I don't understand why someone wrote a 30-page, obfuscated paper on just... parallelizing it the obvious way.

ChrisRackauckas · 2023-12-24T05:15:45.000000Z

I mean, it at least must not be obvious to the poster that says "the claim does sound too good to be true". But yes anyone with enough of an HPC background can look at how vmap is doing its parallelization and instantly know that ML frameworks like Jax and PyTorch are most likely losing an order of magnitude or two of performance. And of course we are very explicit in the paper that this is not novel because we show that the kernels that we are generating match the performance of MPGOS, which is a CUDA library which has the same architecture.

But of course, all of this discussion leaves off half of the title of the paper, "on Multiple GPU Platforms". The point is not that we are able to generate kernels which are doing the fast thing that a dedicated CUDA library does (i.e. not the slow thing that ML libraries are doing), rather the point is that we are doing this in a way where CUDA is not special. We generate similarly optimized kernels for AMD GPUs, Intel GPUs, and Apple silicon (Metal) using this approach. Mose also showed this same codebase can generate kernels for GraphCore IPUs without modifications too (see https://www.youtube.com/watch?v=-fxB0kmcCVE). Showing matching performance with good kernel codes was step 1 but portability (with a full feature set) is step 2. I'd be interested to know if you have any examples of ODE solvers which achieve this level of performance portability because we were unable to find one in the literature or open source.

airstrike · 2023-12-24T00:29:57.000000Z

Link to GitHub repo from the abstract: https://github.com/SciML/DiffEqGPU.jl

e12e · 2023-12-24T07:27:59.000000Z

OT: I was hoping for a html version in light of:

https://blog.arxiv.org/2023/12/21/accessibility-update-arxiv...

I guess this wasn't uploaded in LaTeX?

Ed: Oh, this may be a date of submission thing:

> as long as papers were submitted on or after December 1st, 2023 and HTML conversion is successful

namibj · 2023-12-24T07:44:49.000000Z

Replace the x with a 5 in the abstract URL.

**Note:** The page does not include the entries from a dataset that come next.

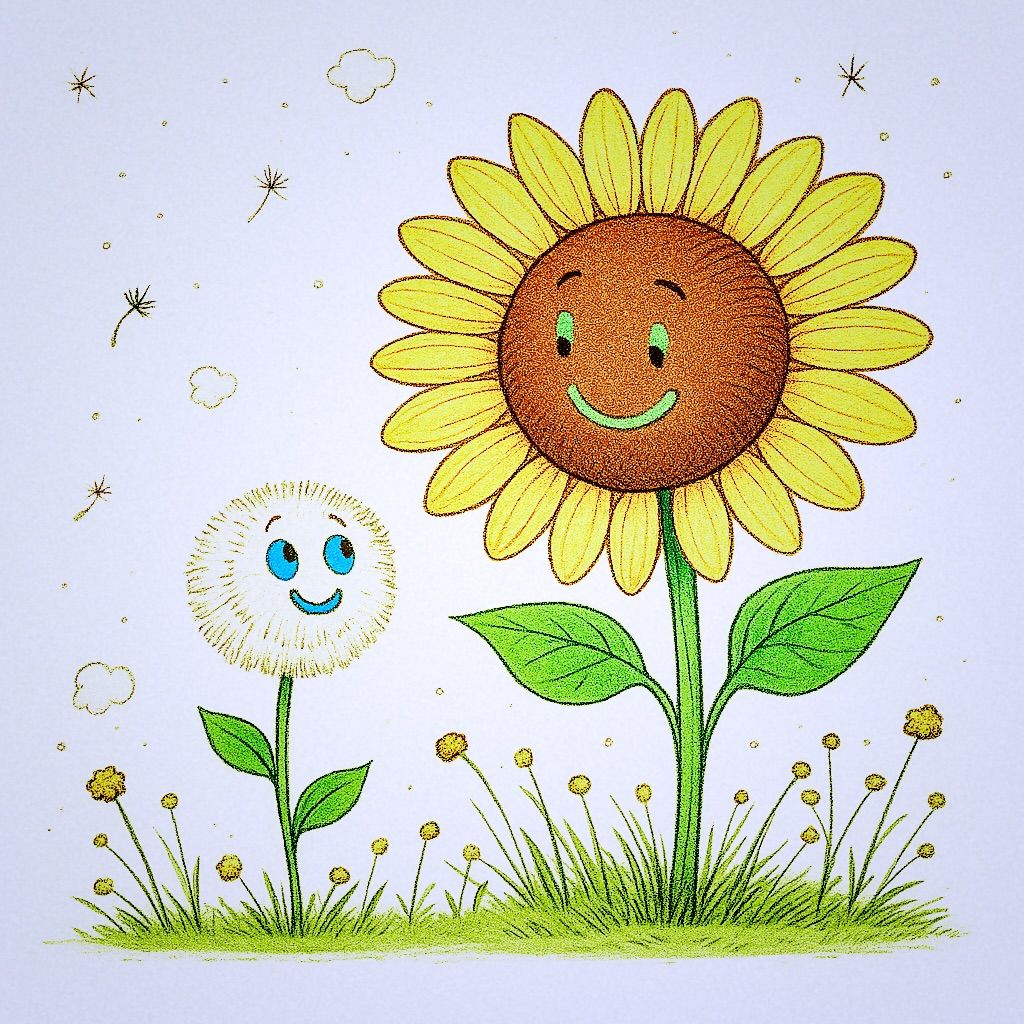 a tiny puffy dandelion looking up to a large expansive sunfl...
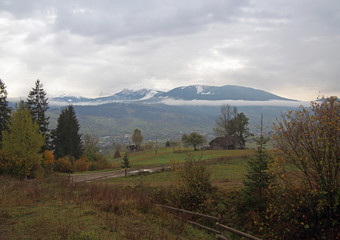 View of the highest tops of the Ukrainian Carpathians in the cloudy autumn morning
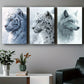 3pcs White Animal Gaze Abstract Beautiful Metal Print Ready to Hang Art
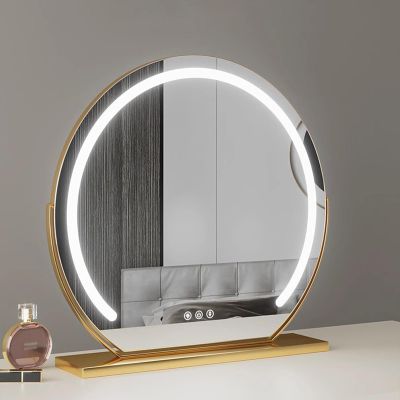 40/50/60cm LED Bathroom Mirror With Light, Round Gold Metal Frame Bathroom Mirrors For Vanity Anti-Fog, 3 Color Lighting Sets, Touch Control, 360 Rotation, Large Vanity Mirror With Lights(Gold,40cm)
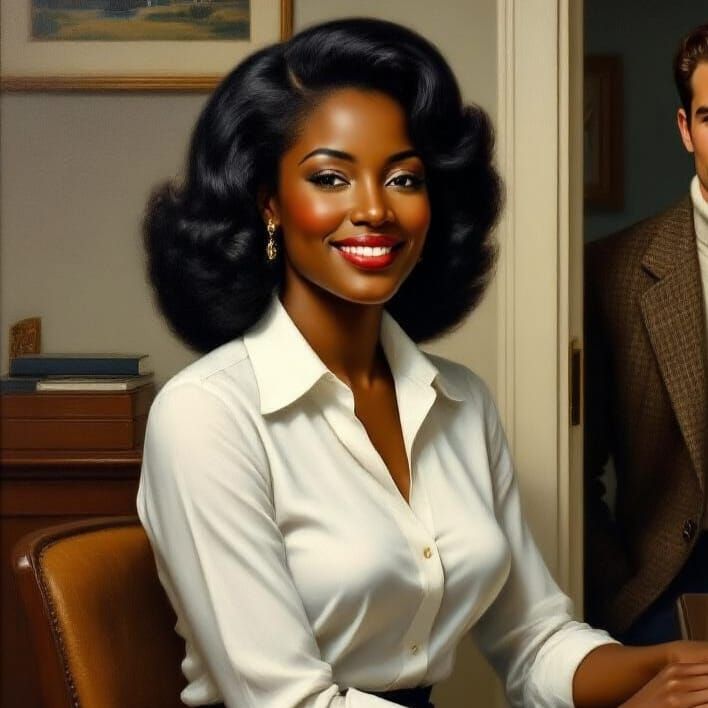 Realistic Oil Painting of Woman at Desk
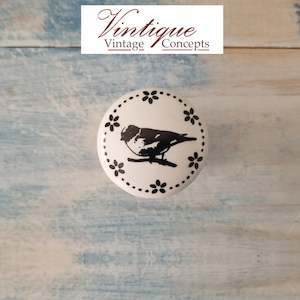 White Ceramic Cabinet Knob Bird on a branch 35mm Dia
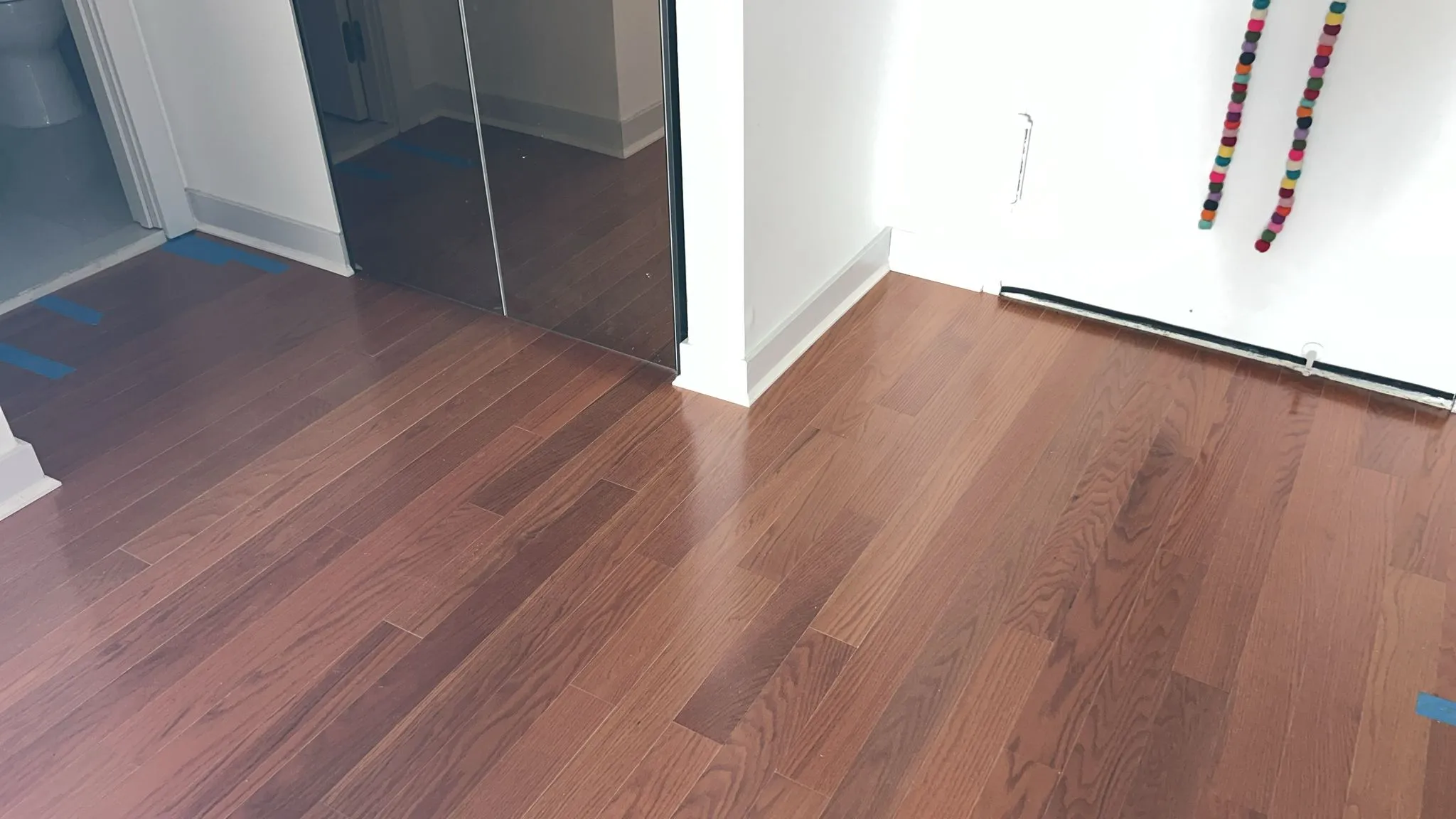 After installing prefinished engineered wood flooring. 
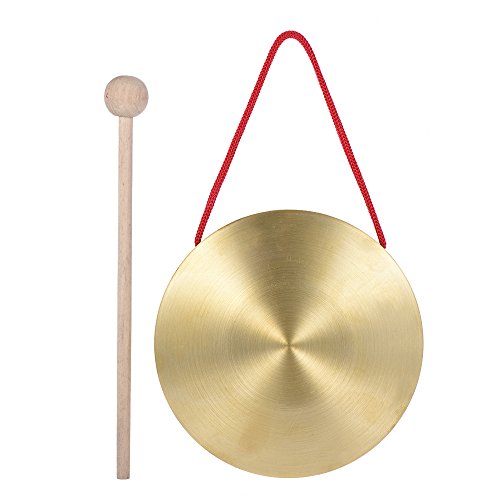 Ammoon Hand-Gong Becken aus Messing und Kupfer, Percussion, mit Hammer, 15 cm 15cm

e12e · 2023-12-24T08:02:06.000000Z

https://ar5iv.org/abs/2304.06835

Thank you! I guess that's what:

> If you are familiar with ar5iv, an arXivLabs collaboration, our HTML offering is essentially bringing this impactful project fully “in-house”. Our ultimate goal is to backfill arXiv’s entire corpus so that every paper will have an HTML version, but for now this feature is reserved for new papers.

Refer to.

glouwbug · 2023-12-24T08:00:51.000000Z

Anyone remember analog computers? They were really good at solving differential equations

jdewerd · 2023-12-24T13:55:51.000000Z

> Titan Black

Huh. Is that another price/perf knee?

      Name       Cost  VRAM  TFlops64
    Titan Black $  99   6      1.882
    Titan V     $ 500  12      7.450 
    4090        $2000  24      1.290

Looks like it! Man, I'm glad AMD is at least trying now, this has gotten sad.